Centenas de quilos de cerejas que "estalaram com a chuva ou têm uma nódoa negra porque caíram durante a colheita, ou porque são mais pequenas e não têm tamanho suficiente para ir para o mercado, mas ainda assim são muito saborosas".

Este produtor de cerejas em Resende, que tem "mais de sete hectares" de cerejeiras, mas que também recebe fruta de "muitos produtores para vender" ao mercado, acrescentou que "há falta de organização entre os produtores".

"Não há nenhuma associação ou cooperativa. Há uma empresa privada que se dedica à cereja, mas também a outros frutos, mas não temos nenhuma organização para rentabilizar a produção de cereja", afirmou.

Uma organização que "deveria existir, até com o possível apoio da Câmara Municipal de Resende, para a instalação de uma fábrica num terreno da zona industrial que processasse a cereja, sem que tudo acabasse em prejuízo".

"Estamos a falar de outros produtos que poderiam ser feitos com as nossas cerejas, como existe com outros frutos, até noutros locais.

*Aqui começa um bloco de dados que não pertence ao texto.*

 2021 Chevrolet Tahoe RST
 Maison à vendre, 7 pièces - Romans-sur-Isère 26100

Podíamos transformar a cereja em sumo, em compota, em tantas coisas, mas para isso precisamos mesmo de nos organizar e ter apoios para reduzir as perdas na produção", defendeu.

Uma opinião partilhada por outros produtores presentes na banca de José Moura, que lamentaram à agência Lusa "a falta de organização" num concelho como Resende, que "tem a cereja como um dos produtos mais fortes" da economia local.

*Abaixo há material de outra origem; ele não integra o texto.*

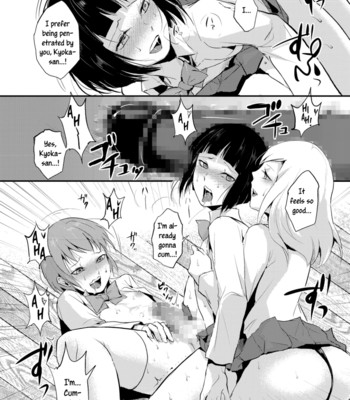 Naburi no Kyoushitsu – Gang-Rape Classroom Ch. 1-3 comic porn sex 46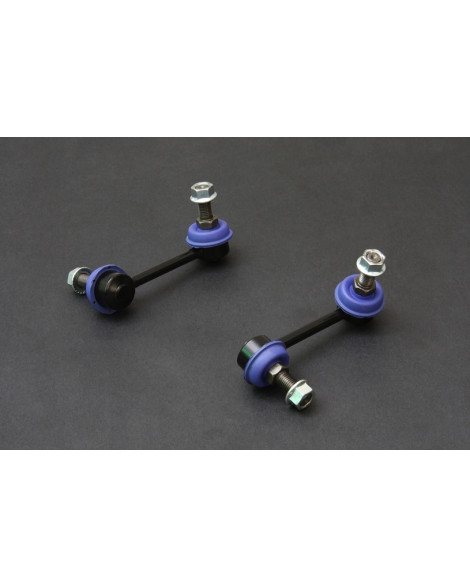 Mazda RX-8 SE3P 03-12 HARDRACE Front Reinforced Stabilizer Link 2Pcs/Set Shorten By 20mm Mazda RX-8 SE3P 03-12 HARDRACE Front Reinforced Stabilizer Link 2Pcs/Set Shorten By 20mm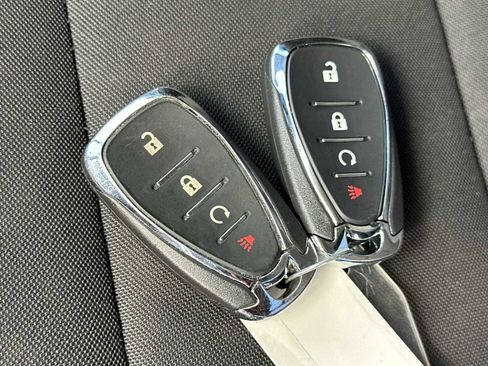 Certified 2024 Chevrolet TrailBlazer LT image 28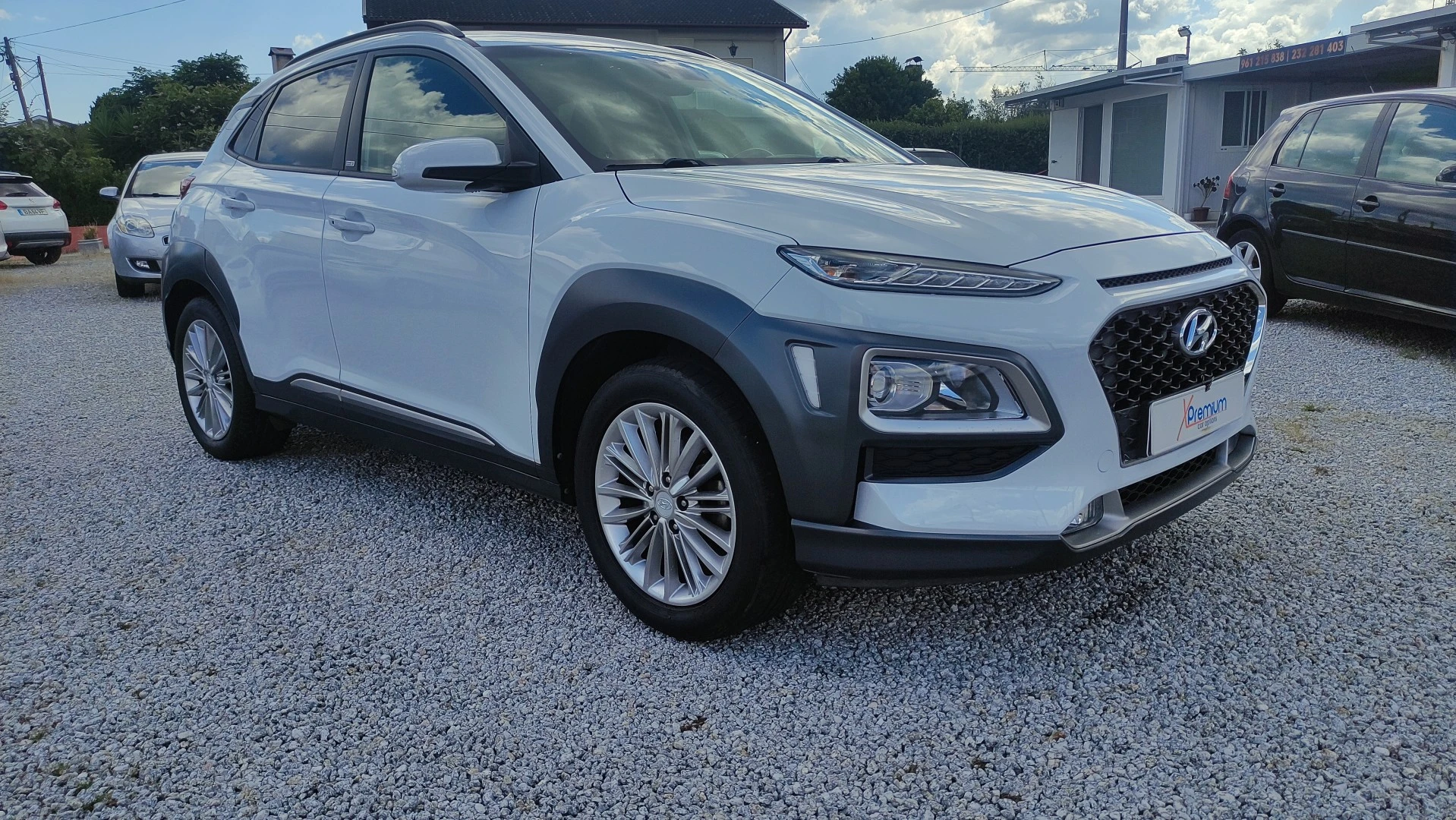 Hyundai Kauai 1.0 T-GDi Premium One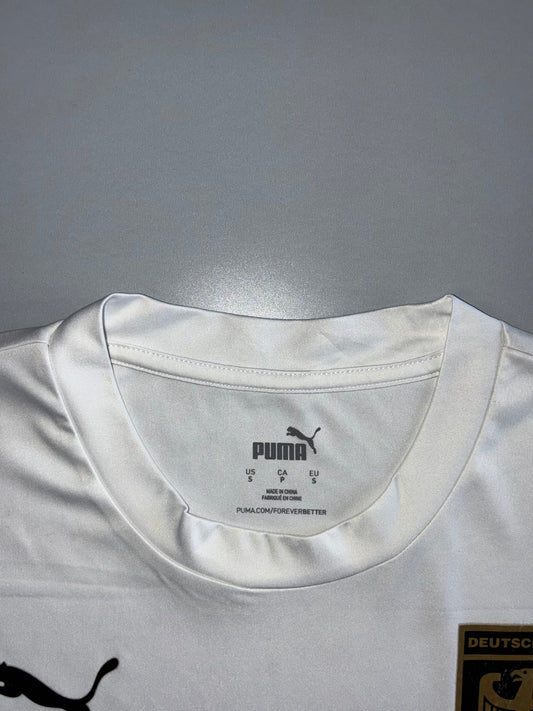 Puma x Deutschland | Check24 Training Football Jersey | White (M)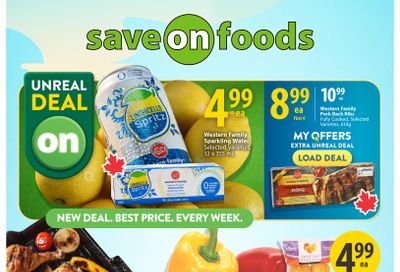 Save On Foods (SK) Flyer August 20 to 26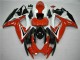 GSXR 600 / 750 K6 06-07 - Rojo Blanco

A produção deste ano "está no bom caminho, tanto em qualidade como em quantidade, mas para isso é preciso sol, porque se houver muita chuva, esta variedade que está agora a ser colhida pode rachar e, se rachar, já não pode ir para o mercado".

"É uma cereja mais firme e, por isso, também racha mais facilmente com a chuva. Este ano, graças ao inverno muito frio e ao calor de março, voltámos a ter a variedade "burlata", a primeira a aparecer, mas é mais mole, o que também a torna mais resistente às intempéries; a tendência é para desaparecer do mercado. Há dois ou três anos que não prospera", diz José Moura.

As outras variedades, acrescentam, "que começam a ser colhidas agora em maio, ainda precisam de mais sol para amadurecerem e ficarem mais doces, mas como são mais firmes, não podem apanhar chuva, senão não abrem".

"É também por isso que uma fábrica de processamento ajudaria muito, porque teríamos as colheitas salvaguardadas ano após ano, independentemente do clima cada vez mais incerto", concluíram os produtores.